Globalizing GrammEr

What is the purpose of grammar? What is the purpose of spelling words right? What is the purpose behind our attempts to write our languages according to rules? Simple. It’s to help with communication. Communication is our end goal. Having others understand what we are trying to communicate is the standard of success.

If understanding is truly the purpose of our attempt at using grammar in North America, and the world, then the well thought out structures of grammar need to be recognized as appropriate tools for communication. Grammar needs to be the foundation of clear communication. Or does it?

As I speak with individuals that have learned English as their second language (ESL), I have been told that I am a pretty good communicator with them. I have been told that I can be understood more easily then some others. Is this because of my stellar grammar? Is this because of my clear use of the most complicated of English rules? Absolutely NOT!

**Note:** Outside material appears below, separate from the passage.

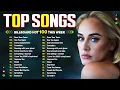 Download Lagu Bruno Mars, Adele, Ed Sheeran, Maroon 5, Dua Lipa, Rihanna, The Weeknd 💥 Billboard Top 50 This Week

Perhaps the number one reason I’m successful as a communicator to those who have learned English as their second language is because for me, the person and the message are the most important part of the communication equation. For me, grammar is a distracting tool. For me, I no use grammar. 😉

Now that’s not to say that grammar isn’t very important. Grammar has it’s place. It helps clear up possible miscommunication. It serves as a baseline for our writing. Grammar is still good. But in a world that is losing it’s grammar, we too often feel we need to protect it, instead of let it evolve with the rest of the world.

If you were to read this blog and edit it for grammar, you would probably have a lot of red marks to help me. But here is my question. If I edit it according to your standards, will the meaning of this message change? Probably not. We must remember, communication is the purpose of language, grammar is a tool. When a tool is needed, use it, but I don’t need a hammer to fry eggs, so pick your tool appropriately for the job to be done.